‘Roofman’ Viennale Review: Channing Tatum and Kirsten Dunst in Derek Cianfrance’s Strange, Sweet Crime Romance
After escaping from prison, a charming thief hides inside a Toys “R” Us store while falling for a divorced employee, risking everything for a shot at connection and redemption. Derek Cianfrance turns a real-life oddity into a tender, offbeat love story.
A mix of thriller, romantic drama, and absurd comedy, Roofman might not be the kind of movie you expect to see at a film festival—but that’s part of what makes it so enjoyable. A lighthearted caper that gradually turns into a love story about a peculiar small-time thief, the film stars Channing Tatum and Kirsten Dunst and is directed by Derek Cianfrance, yet its tone is worlds apart from his earlier, emotionally raw works like Blue Valentine or The Place Beyond the Pines. If anything, it belongs to the tradition of “American picaresque” movies—those quirky tales about oddballs who somehow manage to outsmart everyone around them without ever really being caught.

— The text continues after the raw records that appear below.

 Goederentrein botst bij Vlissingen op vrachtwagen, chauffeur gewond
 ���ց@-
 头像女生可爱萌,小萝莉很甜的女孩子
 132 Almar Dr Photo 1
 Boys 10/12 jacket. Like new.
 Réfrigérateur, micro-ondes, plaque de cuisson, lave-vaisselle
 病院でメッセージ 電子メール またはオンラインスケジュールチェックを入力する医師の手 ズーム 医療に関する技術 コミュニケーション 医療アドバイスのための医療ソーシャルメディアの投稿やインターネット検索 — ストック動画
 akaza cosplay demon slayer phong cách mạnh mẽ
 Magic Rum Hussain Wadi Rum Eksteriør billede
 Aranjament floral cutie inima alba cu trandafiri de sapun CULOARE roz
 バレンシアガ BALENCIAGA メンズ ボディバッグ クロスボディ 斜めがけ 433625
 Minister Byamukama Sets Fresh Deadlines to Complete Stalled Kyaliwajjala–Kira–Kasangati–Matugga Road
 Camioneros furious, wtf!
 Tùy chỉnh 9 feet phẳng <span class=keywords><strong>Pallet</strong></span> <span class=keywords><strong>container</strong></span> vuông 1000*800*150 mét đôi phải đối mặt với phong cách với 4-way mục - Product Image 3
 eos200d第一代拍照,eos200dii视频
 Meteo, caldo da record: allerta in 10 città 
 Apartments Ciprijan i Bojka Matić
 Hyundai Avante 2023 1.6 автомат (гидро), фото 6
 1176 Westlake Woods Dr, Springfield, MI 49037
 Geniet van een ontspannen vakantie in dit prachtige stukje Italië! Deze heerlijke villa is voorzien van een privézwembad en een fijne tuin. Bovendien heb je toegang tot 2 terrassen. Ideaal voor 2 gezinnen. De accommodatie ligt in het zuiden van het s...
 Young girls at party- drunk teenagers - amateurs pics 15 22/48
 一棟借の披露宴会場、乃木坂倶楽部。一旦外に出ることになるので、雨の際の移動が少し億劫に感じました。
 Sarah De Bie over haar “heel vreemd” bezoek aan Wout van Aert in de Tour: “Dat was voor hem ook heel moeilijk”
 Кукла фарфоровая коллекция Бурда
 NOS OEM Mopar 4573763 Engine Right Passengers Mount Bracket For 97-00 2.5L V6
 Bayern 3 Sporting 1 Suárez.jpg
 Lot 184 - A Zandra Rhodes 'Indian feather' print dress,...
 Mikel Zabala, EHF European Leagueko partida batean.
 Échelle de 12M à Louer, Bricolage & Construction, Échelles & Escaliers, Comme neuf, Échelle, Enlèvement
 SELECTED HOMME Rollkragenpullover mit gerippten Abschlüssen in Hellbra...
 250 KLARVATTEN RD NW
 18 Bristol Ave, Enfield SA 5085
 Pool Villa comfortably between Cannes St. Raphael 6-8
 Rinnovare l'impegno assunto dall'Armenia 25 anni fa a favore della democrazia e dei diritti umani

Based on a true story from the early 2000s, Roofman begins with the crimes that made Jeffrey Manchester (Tatum) briefly famous. A war veteran and father of three, recently separated from his wife and desperate for both money and affection, Jeffrey comes up with an unlikely plan: robbing McDonald’s restaurants. A friendly, good-natured guy with a keen eye for detail, he figures out he can sneak in through the roof at night, wait for the morning shift, hold up the employees, lock them in the freezer, and clean out the register. His goal is precise—hit 45 locations, earn enough to support his family, and quit. Naturally, things don’t go as planned. His eventual downfall comes not from greed or cruelty, but from an act of generosity—a trait that repeatedly sabotages his criminal schemes.
What could easily have been a limited series becomes, in Cianfrance’s hands, a string of offbeat misadventures. Sentenced to 45 years in prison, Jeffrey devises a clever escape and soon finds himself back on the run. True to form, he outwits the police and finds an improbable hideout: a massive Toys “R” Us store, which he secretly inhabits like a ghost tenant, living off M&M’s, sleeping in the strangest places, and even rigging baby monitors to spy on the store offices.

While waiting for an old friend (LaKeith Stanfield) to secure him a fake passport and a way out of the country, Jeffrey crosses paths with Leigh (Dunst), a recently divorced store clerk he first helps out of kindness and later falls in love with. Though he’s still wanted—albeit with less urgency—his growing affection for her draws him back into the world he’s supposed to avoid. Under a new identity, he begins to live out an impossible second act.
Tatum fits perfectly into the role of this conflicted man: intelligent, inventive, and yet oddly naïve. Perhaps Cianfrance leans a little too far into comedy—his Jeffrey Manchester may be the most charming criminal ever put on screen—but the tone works. The film plays like a Coen brothers caper stripped of cynicism. Manchester has the smarts and resourcefulness of a master thief, yet his undoing comes from beginner mistakes—sometimes out of clumsiness, sometimes out of kindness, and often out of love.
At the heart of Roofman lies his relationship with Leigh, a devout, recently divorced mother of two who’s mistreated by her boss (Peter Dinklage). Jeffrey’s initial fascination turns to affection, and then obsession, as he starts helping her and attending her church. Desperate to win over her daughters, he pretends to have another name and a ridiculous profession, revealing just how much he yearns to replace the love he’s lost—especially that of his own daughter. Even knowing how risky his exposure is, he can’t help but throw himself into this fragile new family.
Gradually, Cianfrance gives the film more emotional weight, setting aside its more overtly absurd touches and moving into more human, intimate territory. And while the running time could easily have been trimmed—Juno Temple, Ben Mendelsohn, and Uzo Aduba all appear in brief roles that were clearly cut down in the edit—the director still manages to make us empathize with his confused protagonist, torn between the instinct to hide and flee and the longing to reconnect with the world after years of confinement, and in his own way, to find redemption. That empathy comes entirely from its leads: Dunst, as impeccable as ever, and Tatum, perfectly cast as a good man who can think of no better way to win love than by stealing his way toward it.